Si le contre-la-montre inaugural de 13 km dans les rues de Copenhague ne présage pas de gros écarts, la deuxième étape entre Roskilde et Nyborg ressemble furieusement à celle en Zélande en 2015, avec la traversée en mer du Grand Belt, sans doute sujette à des rafales de vent. "Le premier jour est primordial, le deuxième aussi quand on voit comment ça s’est passé en 2015", avance Thomas Voeckler. Cette année-là, beaucoup de favoris avaient été repoussés à plus d'une ou deux minutes du groupe vainqueur, composé de moins de 20 coureurs. "C’est clair qu’entre le premier chrono puis le lendemain, s’il y a la même météo qu’en 2015, puis les pavés en l’espace de cinq jours, c’est certain qu’on peut déjà avoir perdu le Tour de France", anticipe notre consultant.

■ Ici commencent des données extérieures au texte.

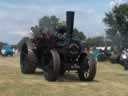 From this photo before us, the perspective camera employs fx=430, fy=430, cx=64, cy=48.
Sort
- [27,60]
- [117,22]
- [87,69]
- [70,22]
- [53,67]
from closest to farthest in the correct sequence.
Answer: [53,67]
[87,69]
[70,22]
[27,60]
[117,22]

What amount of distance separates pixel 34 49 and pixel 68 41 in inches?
109

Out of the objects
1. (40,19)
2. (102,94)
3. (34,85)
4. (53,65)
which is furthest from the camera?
(40,19)

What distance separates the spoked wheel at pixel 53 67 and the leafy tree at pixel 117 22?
36.2 m

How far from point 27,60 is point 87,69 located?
Answer: 345 cm

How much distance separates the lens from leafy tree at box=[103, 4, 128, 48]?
5319 centimetres

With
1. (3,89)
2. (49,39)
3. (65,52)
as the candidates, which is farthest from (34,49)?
(3,89)

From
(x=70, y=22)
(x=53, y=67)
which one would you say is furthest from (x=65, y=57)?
(x=70, y=22)

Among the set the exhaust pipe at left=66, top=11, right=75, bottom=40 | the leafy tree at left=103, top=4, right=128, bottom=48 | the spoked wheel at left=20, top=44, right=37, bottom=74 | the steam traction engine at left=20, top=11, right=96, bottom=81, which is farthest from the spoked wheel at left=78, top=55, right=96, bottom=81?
the leafy tree at left=103, top=4, right=128, bottom=48

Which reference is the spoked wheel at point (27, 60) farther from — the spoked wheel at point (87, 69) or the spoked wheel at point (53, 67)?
the spoked wheel at point (87, 69)

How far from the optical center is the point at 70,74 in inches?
736

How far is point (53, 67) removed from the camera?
15.4 m

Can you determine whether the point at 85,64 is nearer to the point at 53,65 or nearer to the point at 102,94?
the point at 53,65

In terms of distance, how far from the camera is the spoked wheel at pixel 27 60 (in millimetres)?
18172

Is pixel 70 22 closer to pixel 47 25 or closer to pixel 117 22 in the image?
pixel 47 25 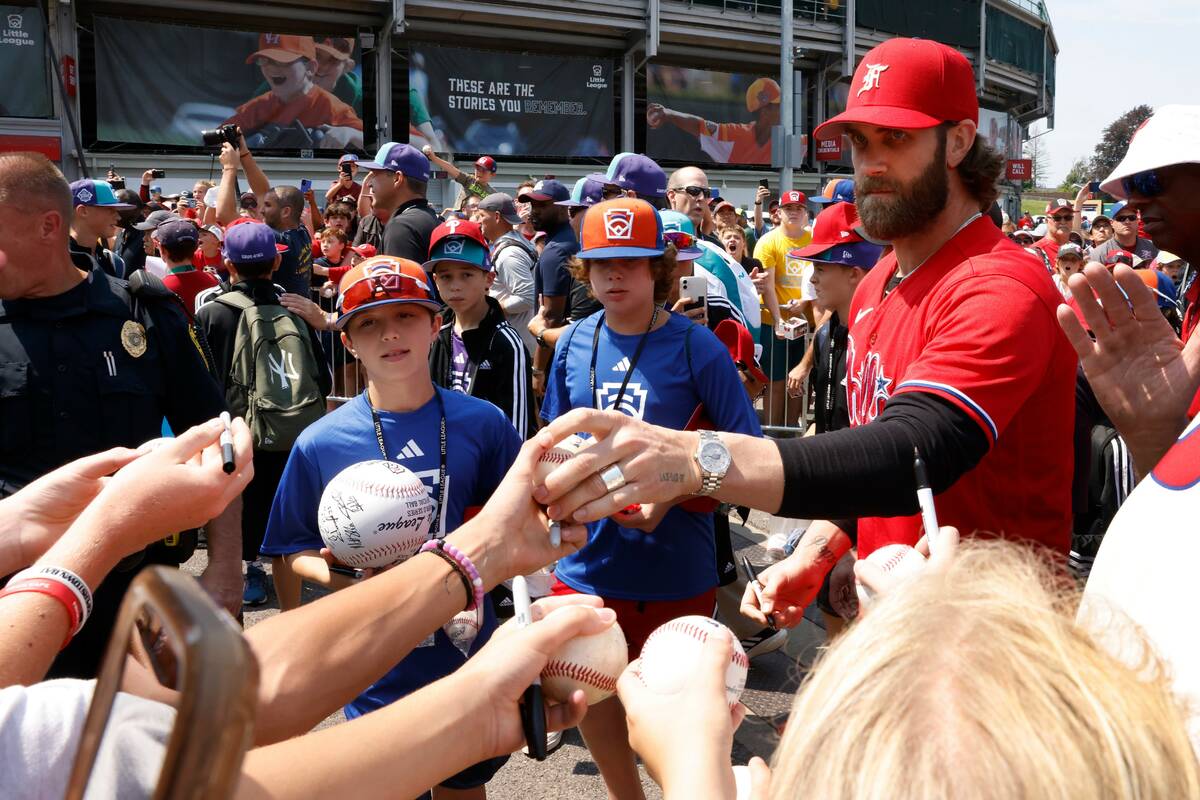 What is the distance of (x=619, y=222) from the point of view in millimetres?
4078

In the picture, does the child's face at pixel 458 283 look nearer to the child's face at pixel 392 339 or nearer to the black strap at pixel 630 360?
the black strap at pixel 630 360

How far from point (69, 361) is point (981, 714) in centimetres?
326

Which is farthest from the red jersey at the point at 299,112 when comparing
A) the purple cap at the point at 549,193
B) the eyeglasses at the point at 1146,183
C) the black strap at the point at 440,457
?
the eyeglasses at the point at 1146,183

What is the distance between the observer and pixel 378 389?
3.45 meters

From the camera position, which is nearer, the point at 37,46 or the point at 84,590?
the point at 84,590

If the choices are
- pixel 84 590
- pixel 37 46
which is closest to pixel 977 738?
pixel 84 590

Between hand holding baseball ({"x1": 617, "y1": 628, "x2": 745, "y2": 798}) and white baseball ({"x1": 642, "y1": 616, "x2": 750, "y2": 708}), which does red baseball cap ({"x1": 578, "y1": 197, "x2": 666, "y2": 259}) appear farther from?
hand holding baseball ({"x1": 617, "y1": 628, "x2": 745, "y2": 798})

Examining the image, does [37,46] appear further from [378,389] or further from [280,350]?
[378,389]

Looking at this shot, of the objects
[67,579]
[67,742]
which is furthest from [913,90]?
[67,742]

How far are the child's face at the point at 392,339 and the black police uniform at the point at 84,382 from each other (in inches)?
28.7

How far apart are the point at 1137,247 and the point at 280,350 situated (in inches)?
416

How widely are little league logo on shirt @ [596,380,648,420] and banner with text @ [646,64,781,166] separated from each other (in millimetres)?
26705

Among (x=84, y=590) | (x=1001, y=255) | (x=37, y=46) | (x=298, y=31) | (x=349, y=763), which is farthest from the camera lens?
(x=298, y=31)

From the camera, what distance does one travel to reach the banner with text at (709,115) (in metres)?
29.8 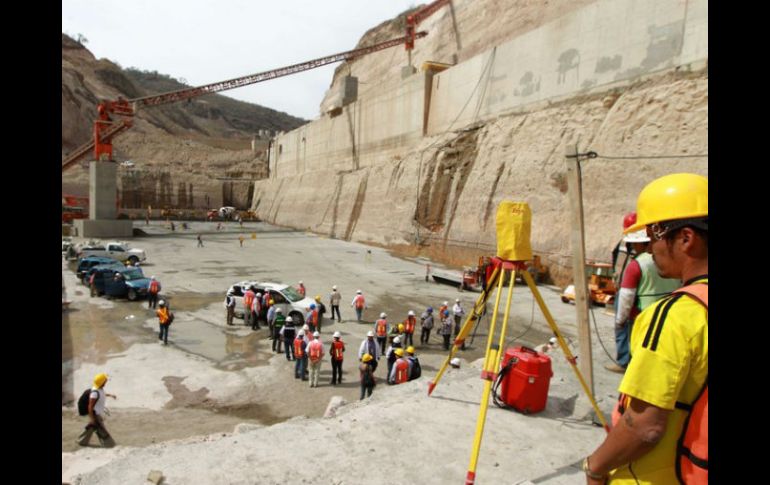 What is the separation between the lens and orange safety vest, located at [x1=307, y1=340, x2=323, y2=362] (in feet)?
32.3

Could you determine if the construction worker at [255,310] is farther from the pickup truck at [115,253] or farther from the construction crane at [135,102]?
the construction crane at [135,102]

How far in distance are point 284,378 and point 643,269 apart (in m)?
8.09

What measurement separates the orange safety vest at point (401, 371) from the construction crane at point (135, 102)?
4414cm

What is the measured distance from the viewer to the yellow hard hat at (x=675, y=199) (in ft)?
6.73

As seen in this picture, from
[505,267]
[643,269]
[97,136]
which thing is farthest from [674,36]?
[97,136]

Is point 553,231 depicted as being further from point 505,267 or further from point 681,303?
point 681,303

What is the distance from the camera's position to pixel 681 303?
1896 millimetres

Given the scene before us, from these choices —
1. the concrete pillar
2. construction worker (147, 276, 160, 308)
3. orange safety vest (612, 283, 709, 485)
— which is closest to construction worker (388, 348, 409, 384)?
orange safety vest (612, 283, 709, 485)

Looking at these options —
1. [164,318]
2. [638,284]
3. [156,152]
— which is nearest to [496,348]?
[638,284]

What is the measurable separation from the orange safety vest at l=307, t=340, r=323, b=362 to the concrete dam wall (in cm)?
1510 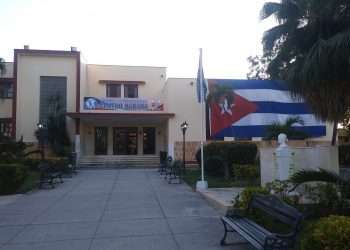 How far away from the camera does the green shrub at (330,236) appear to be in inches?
172

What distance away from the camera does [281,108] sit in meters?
28.8

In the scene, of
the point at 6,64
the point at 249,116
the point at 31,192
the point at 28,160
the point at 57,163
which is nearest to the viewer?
the point at 31,192

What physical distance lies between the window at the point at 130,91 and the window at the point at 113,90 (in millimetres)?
590

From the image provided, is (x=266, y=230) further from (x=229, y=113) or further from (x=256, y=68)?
(x=256, y=68)

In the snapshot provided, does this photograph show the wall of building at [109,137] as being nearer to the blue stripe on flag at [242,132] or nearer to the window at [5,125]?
the blue stripe on flag at [242,132]

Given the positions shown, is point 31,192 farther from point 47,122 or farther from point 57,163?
point 47,122

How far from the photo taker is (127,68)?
33.1 metres

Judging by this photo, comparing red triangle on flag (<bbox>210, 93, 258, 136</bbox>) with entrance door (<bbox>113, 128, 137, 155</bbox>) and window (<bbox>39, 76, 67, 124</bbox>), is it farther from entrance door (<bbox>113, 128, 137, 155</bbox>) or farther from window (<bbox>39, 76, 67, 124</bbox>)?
window (<bbox>39, 76, 67, 124</bbox>)

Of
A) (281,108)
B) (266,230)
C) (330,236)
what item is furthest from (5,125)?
(330,236)

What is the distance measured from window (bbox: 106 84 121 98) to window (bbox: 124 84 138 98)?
0.59 m

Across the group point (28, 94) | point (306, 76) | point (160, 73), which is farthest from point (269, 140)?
point (28, 94)

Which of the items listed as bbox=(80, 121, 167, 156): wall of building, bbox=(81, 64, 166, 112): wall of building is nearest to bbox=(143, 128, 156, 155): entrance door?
bbox=(80, 121, 167, 156): wall of building

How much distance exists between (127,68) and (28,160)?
41.7 feet

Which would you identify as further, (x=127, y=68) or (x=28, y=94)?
(x=127, y=68) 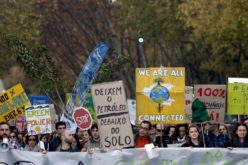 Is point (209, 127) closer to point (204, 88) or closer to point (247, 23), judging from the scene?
point (204, 88)

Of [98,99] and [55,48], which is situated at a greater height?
[55,48]

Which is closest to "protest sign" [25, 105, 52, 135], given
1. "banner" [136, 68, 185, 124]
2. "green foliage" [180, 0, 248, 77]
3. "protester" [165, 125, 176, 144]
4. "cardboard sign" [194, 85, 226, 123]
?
"banner" [136, 68, 185, 124]

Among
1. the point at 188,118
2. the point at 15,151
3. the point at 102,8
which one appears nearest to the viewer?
the point at 15,151

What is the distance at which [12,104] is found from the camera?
66.5ft

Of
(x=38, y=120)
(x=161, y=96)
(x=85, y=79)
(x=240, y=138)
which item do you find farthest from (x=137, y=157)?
(x=38, y=120)

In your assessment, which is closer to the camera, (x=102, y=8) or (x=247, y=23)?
(x=247, y=23)

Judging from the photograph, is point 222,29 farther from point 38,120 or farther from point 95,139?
point 95,139

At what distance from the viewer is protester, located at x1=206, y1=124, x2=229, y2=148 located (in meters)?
17.4

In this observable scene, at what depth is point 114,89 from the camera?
16.1 m

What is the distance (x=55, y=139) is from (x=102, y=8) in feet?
101

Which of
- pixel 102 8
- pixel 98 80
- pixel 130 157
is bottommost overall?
pixel 130 157

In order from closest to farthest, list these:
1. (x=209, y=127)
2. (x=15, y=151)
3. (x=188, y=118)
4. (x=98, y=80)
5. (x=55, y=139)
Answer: (x=15, y=151), (x=55, y=139), (x=209, y=127), (x=188, y=118), (x=98, y=80)

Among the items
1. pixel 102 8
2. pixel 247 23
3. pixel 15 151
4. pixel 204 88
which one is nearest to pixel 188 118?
pixel 204 88

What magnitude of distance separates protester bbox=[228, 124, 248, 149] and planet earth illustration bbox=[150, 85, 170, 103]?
148 cm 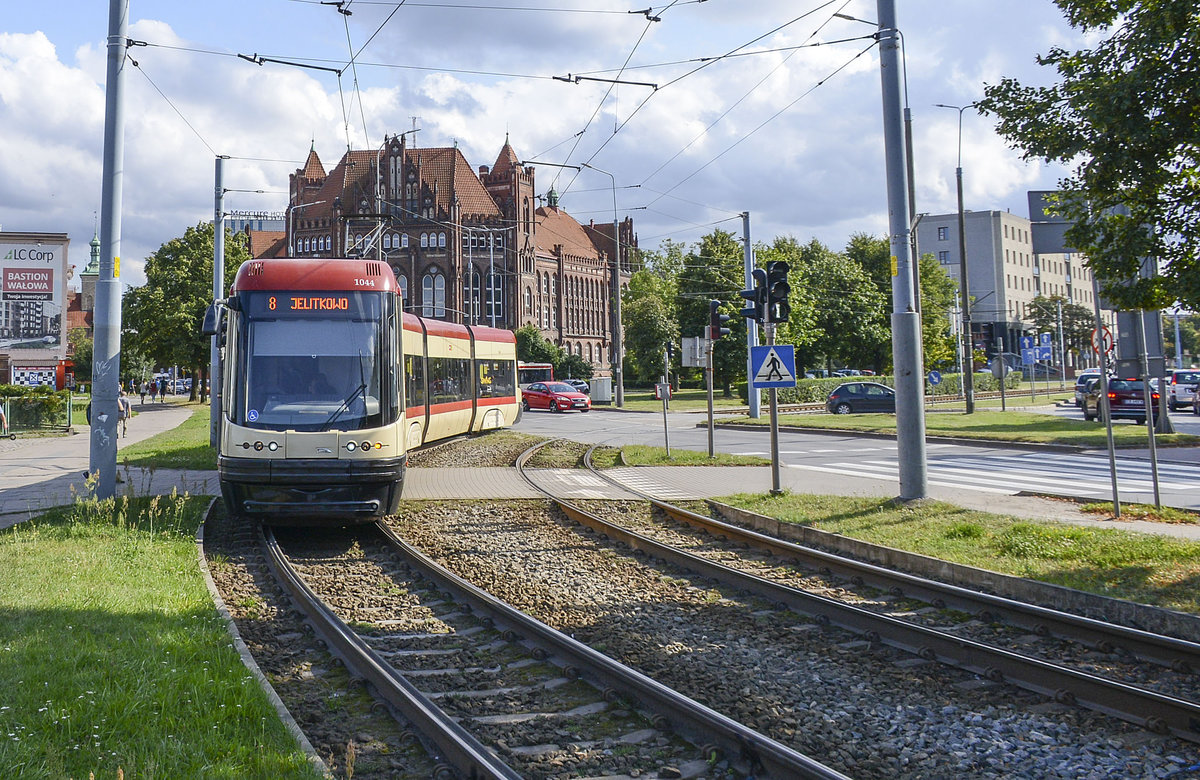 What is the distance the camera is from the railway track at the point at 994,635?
5312mm

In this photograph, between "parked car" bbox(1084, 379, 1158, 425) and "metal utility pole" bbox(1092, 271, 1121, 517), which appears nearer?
"metal utility pole" bbox(1092, 271, 1121, 517)

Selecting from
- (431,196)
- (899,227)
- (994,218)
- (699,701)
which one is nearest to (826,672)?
(699,701)

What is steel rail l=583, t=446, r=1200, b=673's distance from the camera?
20.5 feet

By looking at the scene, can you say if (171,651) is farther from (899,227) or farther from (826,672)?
(899,227)

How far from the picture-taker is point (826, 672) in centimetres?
616

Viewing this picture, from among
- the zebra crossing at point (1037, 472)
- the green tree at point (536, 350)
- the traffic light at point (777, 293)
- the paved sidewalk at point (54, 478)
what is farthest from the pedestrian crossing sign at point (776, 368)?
the green tree at point (536, 350)

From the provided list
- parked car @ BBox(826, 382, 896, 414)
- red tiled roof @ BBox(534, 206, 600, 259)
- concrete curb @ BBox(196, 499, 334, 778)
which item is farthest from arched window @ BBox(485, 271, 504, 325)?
concrete curb @ BBox(196, 499, 334, 778)

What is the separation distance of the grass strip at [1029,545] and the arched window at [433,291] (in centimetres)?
8289

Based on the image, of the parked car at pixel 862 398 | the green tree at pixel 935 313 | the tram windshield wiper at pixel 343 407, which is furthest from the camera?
the green tree at pixel 935 313

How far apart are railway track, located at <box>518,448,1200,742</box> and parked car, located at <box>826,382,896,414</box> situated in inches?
1270

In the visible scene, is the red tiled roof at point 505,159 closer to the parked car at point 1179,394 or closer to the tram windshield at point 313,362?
the parked car at point 1179,394

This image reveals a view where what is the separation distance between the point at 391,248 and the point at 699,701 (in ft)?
304

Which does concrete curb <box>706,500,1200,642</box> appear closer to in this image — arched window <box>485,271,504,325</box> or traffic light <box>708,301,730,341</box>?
traffic light <box>708,301,730,341</box>

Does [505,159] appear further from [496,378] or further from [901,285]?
[901,285] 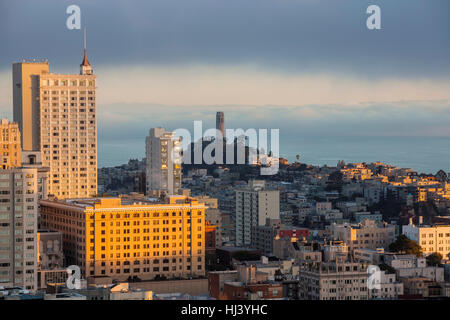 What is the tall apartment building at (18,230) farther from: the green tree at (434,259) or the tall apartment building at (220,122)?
the tall apartment building at (220,122)

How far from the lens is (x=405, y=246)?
40.1m

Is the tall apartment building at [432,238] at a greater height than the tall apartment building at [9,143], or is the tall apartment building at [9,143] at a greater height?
the tall apartment building at [9,143]

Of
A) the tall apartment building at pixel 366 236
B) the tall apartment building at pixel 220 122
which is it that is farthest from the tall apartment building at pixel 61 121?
the tall apartment building at pixel 220 122

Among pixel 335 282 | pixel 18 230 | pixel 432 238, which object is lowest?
pixel 335 282

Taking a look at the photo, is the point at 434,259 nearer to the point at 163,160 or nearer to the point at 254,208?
the point at 254,208

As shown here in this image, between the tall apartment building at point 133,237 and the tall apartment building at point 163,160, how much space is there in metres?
17.4

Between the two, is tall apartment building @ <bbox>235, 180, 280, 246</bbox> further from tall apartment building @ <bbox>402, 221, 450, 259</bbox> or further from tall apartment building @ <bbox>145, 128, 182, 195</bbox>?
tall apartment building @ <bbox>402, 221, 450, 259</bbox>

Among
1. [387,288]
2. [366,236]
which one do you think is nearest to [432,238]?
[366,236]

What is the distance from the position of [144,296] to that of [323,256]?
46.5 ft

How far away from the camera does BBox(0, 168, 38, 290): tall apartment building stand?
100.0 feet

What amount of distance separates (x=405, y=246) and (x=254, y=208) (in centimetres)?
1361

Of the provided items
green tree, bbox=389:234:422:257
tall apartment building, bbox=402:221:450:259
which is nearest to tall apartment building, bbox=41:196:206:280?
green tree, bbox=389:234:422:257

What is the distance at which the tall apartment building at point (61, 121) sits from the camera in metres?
49.3

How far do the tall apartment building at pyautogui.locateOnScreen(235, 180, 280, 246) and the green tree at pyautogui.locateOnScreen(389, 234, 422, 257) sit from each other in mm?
11435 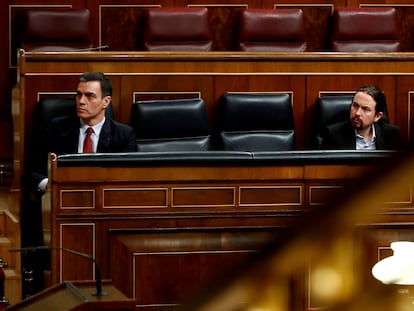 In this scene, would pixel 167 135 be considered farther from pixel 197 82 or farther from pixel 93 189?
pixel 93 189

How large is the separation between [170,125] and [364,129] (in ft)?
1.92

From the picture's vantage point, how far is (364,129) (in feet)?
10.0

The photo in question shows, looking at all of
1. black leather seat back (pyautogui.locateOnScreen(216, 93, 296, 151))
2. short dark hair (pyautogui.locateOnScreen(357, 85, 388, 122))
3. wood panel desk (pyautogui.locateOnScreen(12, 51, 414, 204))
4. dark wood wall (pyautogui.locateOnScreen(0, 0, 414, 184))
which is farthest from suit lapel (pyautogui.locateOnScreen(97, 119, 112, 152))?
dark wood wall (pyautogui.locateOnScreen(0, 0, 414, 184))

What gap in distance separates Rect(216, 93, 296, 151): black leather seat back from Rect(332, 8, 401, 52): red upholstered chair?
0.99 m

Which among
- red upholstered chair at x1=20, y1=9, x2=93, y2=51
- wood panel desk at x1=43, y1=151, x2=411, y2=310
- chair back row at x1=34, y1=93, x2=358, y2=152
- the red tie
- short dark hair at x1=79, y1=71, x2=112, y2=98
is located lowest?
wood panel desk at x1=43, y1=151, x2=411, y2=310

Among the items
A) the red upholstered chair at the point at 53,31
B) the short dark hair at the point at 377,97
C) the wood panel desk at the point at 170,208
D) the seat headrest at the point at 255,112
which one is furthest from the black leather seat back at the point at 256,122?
the red upholstered chair at the point at 53,31

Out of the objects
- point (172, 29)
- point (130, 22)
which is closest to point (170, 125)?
point (172, 29)

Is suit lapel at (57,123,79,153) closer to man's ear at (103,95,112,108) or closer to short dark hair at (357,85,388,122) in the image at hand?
man's ear at (103,95,112,108)

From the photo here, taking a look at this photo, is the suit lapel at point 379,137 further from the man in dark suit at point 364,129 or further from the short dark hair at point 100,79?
the short dark hair at point 100,79

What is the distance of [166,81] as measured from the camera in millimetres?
3283

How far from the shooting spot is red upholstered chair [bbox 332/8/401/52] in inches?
163

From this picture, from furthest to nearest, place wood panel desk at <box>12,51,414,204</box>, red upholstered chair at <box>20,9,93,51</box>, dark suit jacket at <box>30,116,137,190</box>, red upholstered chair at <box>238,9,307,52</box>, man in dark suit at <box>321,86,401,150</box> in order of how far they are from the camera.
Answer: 1. red upholstered chair at <box>238,9,307,52</box>
2. red upholstered chair at <box>20,9,93,51</box>
3. wood panel desk at <box>12,51,414,204</box>
4. man in dark suit at <box>321,86,401,150</box>
5. dark suit jacket at <box>30,116,137,190</box>

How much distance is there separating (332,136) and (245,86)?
416 mm

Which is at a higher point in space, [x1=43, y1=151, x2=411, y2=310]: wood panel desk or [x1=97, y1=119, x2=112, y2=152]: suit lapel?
[x1=97, y1=119, x2=112, y2=152]: suit lapel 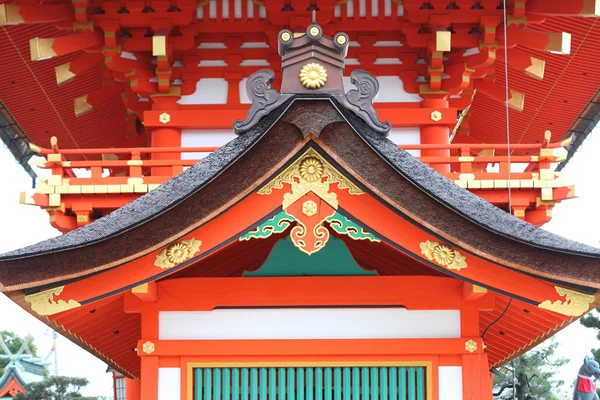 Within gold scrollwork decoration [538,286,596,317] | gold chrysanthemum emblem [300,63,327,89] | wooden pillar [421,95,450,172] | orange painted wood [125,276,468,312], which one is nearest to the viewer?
gold chrysanthemum emblem [300,63,327,89]

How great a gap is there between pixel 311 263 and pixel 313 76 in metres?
1.64

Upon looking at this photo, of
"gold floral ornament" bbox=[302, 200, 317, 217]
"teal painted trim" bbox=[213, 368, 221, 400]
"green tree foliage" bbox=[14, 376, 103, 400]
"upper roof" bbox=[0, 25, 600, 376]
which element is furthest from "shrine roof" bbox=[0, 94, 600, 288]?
"green tree foliage" bbox=[14, 376, 103, 400]

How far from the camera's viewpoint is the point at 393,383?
25.0ft

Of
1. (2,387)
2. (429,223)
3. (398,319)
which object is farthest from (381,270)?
(2,387)

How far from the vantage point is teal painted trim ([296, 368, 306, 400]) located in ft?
24.9

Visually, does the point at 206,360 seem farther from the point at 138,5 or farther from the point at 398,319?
the point at 138,5

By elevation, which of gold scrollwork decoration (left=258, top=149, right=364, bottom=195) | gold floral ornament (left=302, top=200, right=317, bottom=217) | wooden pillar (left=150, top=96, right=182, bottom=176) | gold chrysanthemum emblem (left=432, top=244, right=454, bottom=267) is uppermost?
wooden pillar (left=150, top=96, right=182, bottom=176)

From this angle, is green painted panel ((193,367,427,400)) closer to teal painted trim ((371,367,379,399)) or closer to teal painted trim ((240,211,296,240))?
teal painted trim ((371,367,379,399))

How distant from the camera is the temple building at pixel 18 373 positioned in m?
26.7

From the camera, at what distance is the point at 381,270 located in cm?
788

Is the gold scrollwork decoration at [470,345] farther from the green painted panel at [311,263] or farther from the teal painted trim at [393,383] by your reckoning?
the green painted panel at [311,263]

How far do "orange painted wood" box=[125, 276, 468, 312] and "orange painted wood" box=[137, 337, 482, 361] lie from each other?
0.25 meters

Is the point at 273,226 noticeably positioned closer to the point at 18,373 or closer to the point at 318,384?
the point at 318,384

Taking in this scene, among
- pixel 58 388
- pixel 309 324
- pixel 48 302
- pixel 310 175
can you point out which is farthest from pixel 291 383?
pixel 58 388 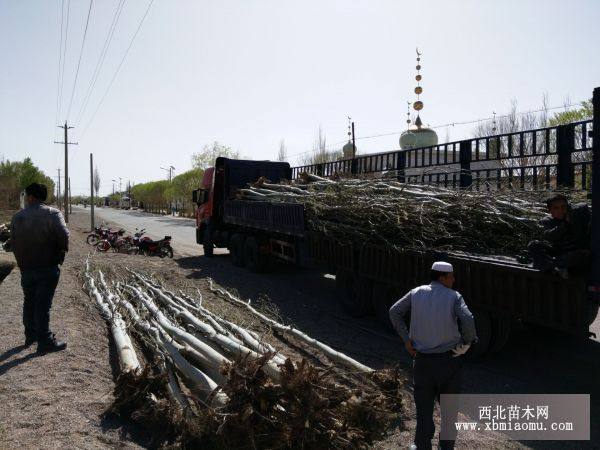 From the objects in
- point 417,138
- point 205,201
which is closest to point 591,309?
point 205,201

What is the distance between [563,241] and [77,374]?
188 inches

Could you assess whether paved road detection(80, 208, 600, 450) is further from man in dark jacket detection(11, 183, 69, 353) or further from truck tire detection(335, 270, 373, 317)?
man in dark jacket detection(11, 183, 69, 353)

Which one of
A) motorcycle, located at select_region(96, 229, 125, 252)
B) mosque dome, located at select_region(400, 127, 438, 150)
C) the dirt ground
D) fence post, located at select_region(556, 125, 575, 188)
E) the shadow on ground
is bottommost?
the shadow on ground

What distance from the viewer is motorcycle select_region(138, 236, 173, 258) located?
15984 millimetres

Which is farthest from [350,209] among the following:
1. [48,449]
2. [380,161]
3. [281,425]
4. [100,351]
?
[48,449]

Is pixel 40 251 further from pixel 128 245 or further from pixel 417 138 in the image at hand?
pixel 417 138

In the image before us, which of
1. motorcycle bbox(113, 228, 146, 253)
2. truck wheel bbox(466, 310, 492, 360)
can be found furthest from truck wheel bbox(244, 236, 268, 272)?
truck wheel bbox(466, 310, 492, 360)

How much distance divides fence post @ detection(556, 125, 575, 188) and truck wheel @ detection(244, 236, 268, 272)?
24.2 feet

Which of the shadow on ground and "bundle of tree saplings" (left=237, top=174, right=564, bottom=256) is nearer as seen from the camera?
the shadow on ground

Les pavés, attraction et malédiction
Après un transfert le lundi, le peloton redoutera autant que le public attendra cette étape entre Lille et Arenberg Porte du Hainaut, le mercredi. La raison tient en un chiffre : 19,4, soit le kilométrage pavé réparti en 11 secteurs. "Onze secteurs, c’est juste énorme ! A Paris-Roubaix, il y en a 29 ou 30 !", s'emballe Voeckler, rejoint par Laurent Jalabert. "Les pavés, ça va être une attraction. En 2014, Vincenzo Nibali, qui était arrivé devant, avait gagné le Tour. Il y avait eu de la casse : Chris Froome avait quitté le Tour. Ce sont des étapes piégeuses, ça va être un gros moment de tension", prévient-il.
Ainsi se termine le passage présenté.